▶ **DESCRIPTION OF THE TASK**: A word-for-word transcript of the closing lines is required: from the one with "Dell PC2-6400 DDR2" through the final line of the data.

▶ **RECORDS FOR THIS EXERCISE**:
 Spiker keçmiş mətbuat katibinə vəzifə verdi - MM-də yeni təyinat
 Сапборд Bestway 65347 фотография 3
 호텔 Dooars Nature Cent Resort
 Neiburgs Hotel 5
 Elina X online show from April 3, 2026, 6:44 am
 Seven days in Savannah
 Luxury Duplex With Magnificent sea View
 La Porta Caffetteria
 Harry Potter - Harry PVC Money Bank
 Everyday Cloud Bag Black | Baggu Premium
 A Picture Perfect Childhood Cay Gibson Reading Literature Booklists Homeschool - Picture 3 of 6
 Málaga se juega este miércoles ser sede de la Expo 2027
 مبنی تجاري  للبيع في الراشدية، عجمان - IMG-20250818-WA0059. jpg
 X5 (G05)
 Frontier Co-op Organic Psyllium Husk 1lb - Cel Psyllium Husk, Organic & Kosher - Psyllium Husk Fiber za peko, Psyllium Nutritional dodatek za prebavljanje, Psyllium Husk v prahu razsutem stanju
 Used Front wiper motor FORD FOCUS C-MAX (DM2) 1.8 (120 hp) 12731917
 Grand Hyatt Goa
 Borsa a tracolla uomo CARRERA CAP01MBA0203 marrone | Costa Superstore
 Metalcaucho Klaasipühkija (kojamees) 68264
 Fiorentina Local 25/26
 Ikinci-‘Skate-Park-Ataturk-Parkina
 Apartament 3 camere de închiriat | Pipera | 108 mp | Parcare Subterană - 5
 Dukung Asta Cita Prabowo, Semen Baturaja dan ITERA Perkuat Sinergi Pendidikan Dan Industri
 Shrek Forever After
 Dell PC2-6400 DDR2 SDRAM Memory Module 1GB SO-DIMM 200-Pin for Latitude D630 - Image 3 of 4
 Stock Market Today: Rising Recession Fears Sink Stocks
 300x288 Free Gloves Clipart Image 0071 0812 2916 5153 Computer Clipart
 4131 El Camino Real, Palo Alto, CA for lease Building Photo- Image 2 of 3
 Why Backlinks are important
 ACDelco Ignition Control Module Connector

▶ **SOLUTION FOR THIS PROBLEM**:
 Dell PC2-6400 DDR2 SDRAM Memory Module 1GB SO-DIMM 200-Pin for Latitude D630 - Image 3 of 4
 Stock Market Today: Rising Recession Fears Sink Stocks
 300x288 Free Gloves Clipart Image 0071 0812 2916 5153 Computer Clipart
 4131 El Camino Real, Palo Alto, CA for lease Building Photo- Image 2 of 3
 Why Backlinks are important
 ACDelco Ignition Control Module Connector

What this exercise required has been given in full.